Farooq Tariq maintains that the military establishment has had a role to play in the aggravation of the economy, and the PTI isn’t the first party to seek the Army’s help in maintaining the vicious circle of debt for Pakistan.
“Pakistan goes to the IMF every few years because of its ruling political parties’ inability to run the economy. The reason is very simple: military and debt expenses. Both take up over half of the national budget at present. The successive governments have bowed down to the pressures of the generals and the creditors not to reduce these two unproductive expenditures,” he said.
Where the Army bolsters particular parties to safeguard its economic interests, the IMF wants Pakistan to pursue certain geopolitical interests. For many, the bailout agreement reveals that instead of economic reforms, geostrategic interests are at the heart of the deal.
“The IMF package is a straitjacket for Pakistan’s economy. The IMF document illustrates a very simplistic thought process,” economist and political scientist Farrukh Saleem, the PTI government’s former spokesperson on energy and economy, told The Diplomat.
“They say the budget deficit is extremely high, the solution is to increase the revenue by 45 percent. How exactly? It’s a shrinking economy. Similarly, they say the trade deficit is extremely high, and then devalue the rupee. The IMF isn’t trying to solve Pakistan’s problems at all, the package has zero reforms – be it power, budget deficit, or trade deficit. After all, the IMF is not a purely economic institute, it’s a political institute as well,” Saleem added.
The former spokesperson maintains that the IMF is advancing U.S. security interests in the region by using the bailout package to ensure Islamabad’s compliance. He refers to this year’s WikiLeaks document “Army Special Operations Forces Unconventional Warfare,” originally written in September 2008, as evidence of how the IMF and World Bank are used to serve U.S. regional goals.
Lieutenant-General Talat Masood, former secretary of Pakistan’s Ministry of Defense Production, says there are obvious U.S. goals that the IMF is looking to fulfill.

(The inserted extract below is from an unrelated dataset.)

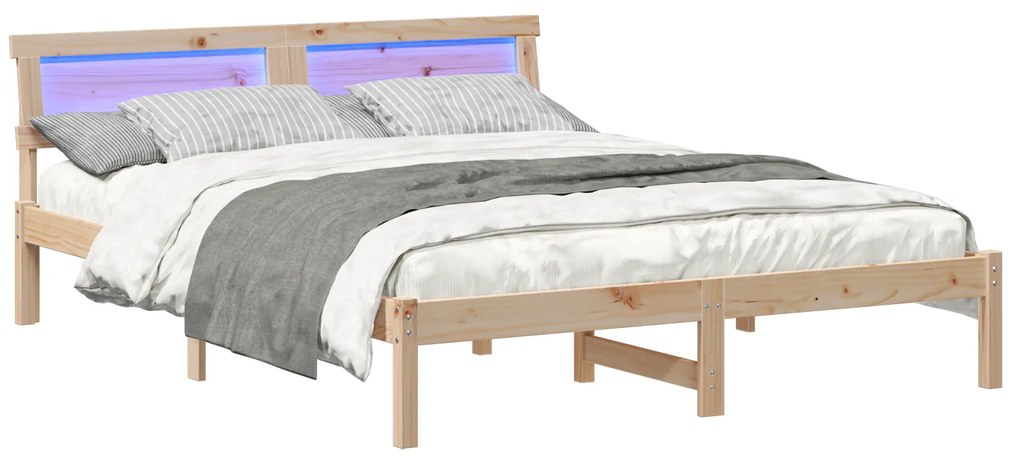 vidaXL Σκελετός Κρεβατιού Καφέ 140 x 200 cm Ξύλο πεύκου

“They would like to control our nuclear development. They don’t want us to spend on conventional forces and try to match India. They want us to focus on the economy. They don’t want us to use Lashkar-e-Taiba [LeT] and others to destabilize India and Afghanistan. Also, CPEC and our relationship with China is too strong for their liking. They want us to contribute significantly in the Afghan peace process by pushing the Taliban,” Masood told The Diplomat.

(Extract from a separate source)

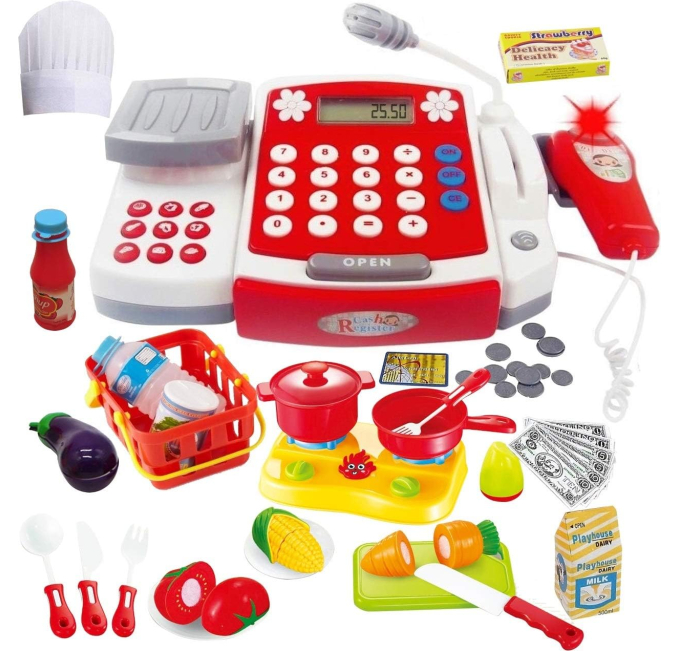 TEMI Toy Cash Register for Kids with Play Money Toys Circuit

Masood believes the recent arrest of LeT chief Hafiz Saeed, in the lead up to Prime Minister Imran Khan’s visit to the United States, underlines that Islamabad has succumbed to the American demands. But Masood is also critical of Pakistan’s own policymaking, which renders it vulnerable to external pressure.
“Pakistan’s policies are so shallow and aren’t based on any foundational principles, and hence can’t be defended. It’s a weakness of policy and the internal structure of Pakistan that they have to succumb to external pressure,” he adds.